La Cina a confronto con un grande fondo governativo: quello norvegese

Stando al report in esame, la Cina è il maggior produttore di energia derivante dal carbone, con una capacità produttiva di 1,100 GW ed emissioni di CO2 pari a 450 milioni di tonnellate. Nel 2020, la Cina, nonostante abbia aumentato la capacità produttiva di energia eolica e solare è nel contempo l’unica grande nazione ad aver aumentato anche la produzione di carbone, oltre ad essere la nazione con metà dei nuovi progetti di energia a carbone a livello globale. Il presidente cinese Xi Jinping aveva dichiarato a settembre dell’anno scorso che le emissioni di carbonio del paese sarebbero iniziate a diminuire entro il 2030, ma gli esponenti della politica cinese hanno altresì ribadito che le centrali a carbone rappresentano una delle determinanti principali della crescita economica del paese, essendo le altre fonti energetiche rinnovabili ancora instabili. Oltretutto, la Cina investe non solo nei progetti di centrali a carbone entro i confini del proprio paese, ma anche al di fuori della Cina, come emerge dal Global Development Policy Center della Boston University: nel solo 2020 la China Development Bank e la Export-Import Bank of China hanno finanziato progetti nel settore carbonifero al di fuori della Cina per un valore di 474 milioni di dollari. Dall’altro lato della medaglia, invece, molti paesi stanno cercando di limitare fortemente gli investimenti nel settore del carbone: così il fondo governativo norvegese Global, tanto grande da detenere l’1,5% delle azioni di tutte le società quotate al mondo, ha regole severe che gli vietano di investire in società che producono più di 20 milioni di tonnellate di carbone termico all'anno o produrre energia di oltre 10.000 MW all'anno dalla combustione del carbone.

Conclusione

In ultima analisi, alcuni paesi continuano a investire nel settore carbonifero, ed in particolare i paesi asiatici, nonostante l’esistenza dell’Accordo di Parigi che spinge in direzione esattamente opposta per la salvaguardia dell’ambiente.
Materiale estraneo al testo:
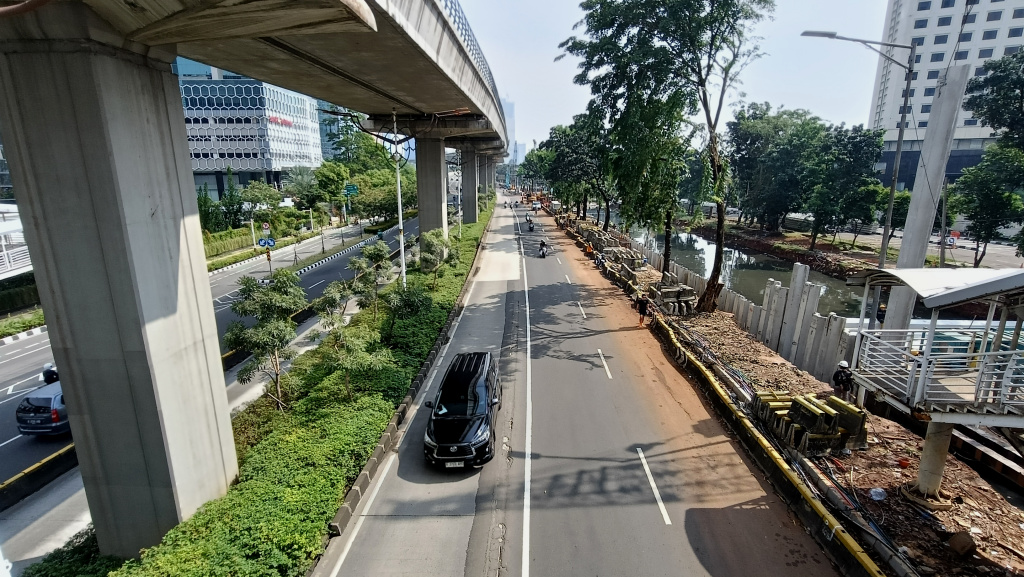 Kendaraan melintas di kawasan Rasuna Said, Jakarta, Minggu (17/5/2026).  (Beritanasional.com/Oke Atmaja)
Detti paesi dovrebbero, invece, maggiormente riflettere in ordine agli investimenti che intendono porre in essere nel prossimo futuro, con riguardo nello specifico alle centrali a carbone, perché è di tutta evidenza che oltre a dover noi tutti preservare il mondo in cui viviamo anche mediante comportamenti virtuosi che non procurino inutili danni all’ambiente, un tale investimento nel lungo periodo si rivela persino antieconomico. Tim Buckley, esperto di mercati energetici presso l'Institute of Energy Economics and Financial Analysis afferma: “Non c'è alcuna prospettiva di crescita a lungo termine per l'industria [del carbone]. È come cercare di afferrare un coltello che cade".